Shillong, Oct 17: Vice President of India, Jagdeep Dhankar, on Wednesday lauded the “Meghalaya Model of Development” for a “Developed Meghalaya by 2032” but also cautioned that being a developed State is not easy as it requires certain elements, which take time.
Visiting the IT Park at Mawdiangdiang during his maiden visit to Shillong on Wednesday where he was given a detailed presentation by the Chief Minister Conrad K. Sangma on the way forward for Meghalaya to be a developed State by 2032, the Vice President said being a developed state is a serious business and GDP growth is not an indicator of it.
“Developed status has certain elements and they take time and Meghalaya under the leadership of Conrad K Sangma with the 10 Guarantees is aimed at making Meghalaya a developed state,” he observed.
He stated that it is equally important to take into consideration availability of resources and capacity of human resources while aspiring to be a developed state.
The Vice President also advised that in the developmental growth certain things have to grow on their own like roads, connectivity etc. but futuristic outlook in creating these infrastructures also needs to be kept in mind.
At the same time, he expressed happiness that while aspiring to be a developed state, Meghalaya’s focus was on fundamentals like education, health, technology, skill development, farming, sports and music etc.
Earlier, the Chief Minister Conrad K. Sangma said that Meghalaya has embarked upon a mission to push growth and development.

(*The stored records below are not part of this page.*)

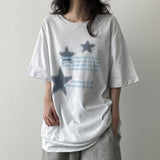 ゴットスターレタリングボクシーフィット半袖Tシャツ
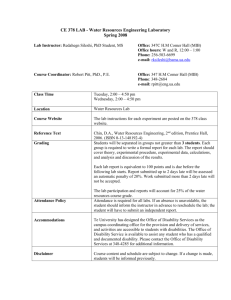 CE 378 LAB - Water Resources Engineering Laboratory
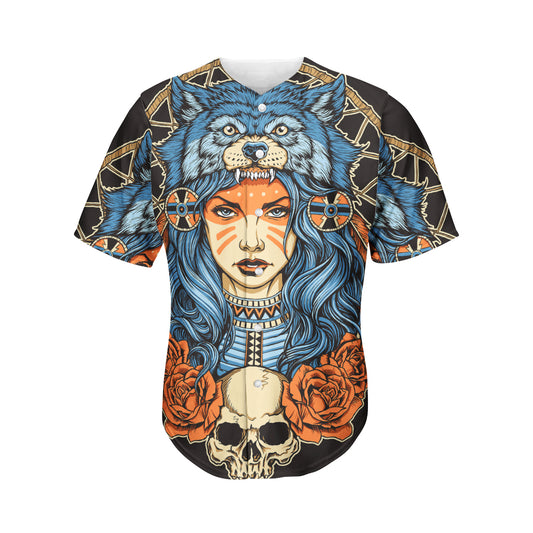 Native American Wolf Girl Print Men's Baseball Jersey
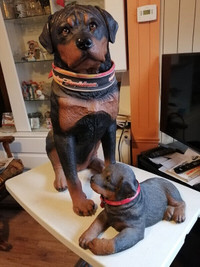 Lifelike Dog Statues - 1 Adult and 1 puppy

He said that the state government has identified key areas to achieve the target of “Developed Meghalaya by 2032”, when the state celebrates its 60 years of statehood.
He told the vice president that “Meghalaya Model of Development” is laid on the foundation of four pillars – creating aspirations, collaborating with communities and stakeholders, capacity building and forging partnership.
Citing challenges of 7000 villages in the state, which are geographically remote, rural and hilly, the chief minister said, “We have identified the concerns and the problems of the state and have rolled out programmes to benefit the youth, women and the farmers. We are moving forward to propel the economic agenda of the state.”
He said that the GSDP of the state was far below the national average prior to 2020-21, but post 2021-22 the state has seen 15 per cent growth, with increase in investment in different social sectors, own tax collection going up, absorption of central taxes, and funding from the 15th Finance Commission including investment made through Externally Aided Projects (EAPs).
He also informed that the size of the state budget has increased from roughly Rs. 12,000 cr to Rs. 25,000 cr currently. He further said that the capital expenditure has increased by 2.75 times, amongst other initiatives taken by the government to accelerate growth.
He further told the Vice President on the ongoing initiative to promote value addition in agriculture sector, value chain and marketing, promoting of sports and music, education, healthcare, which have been prioritised by the government.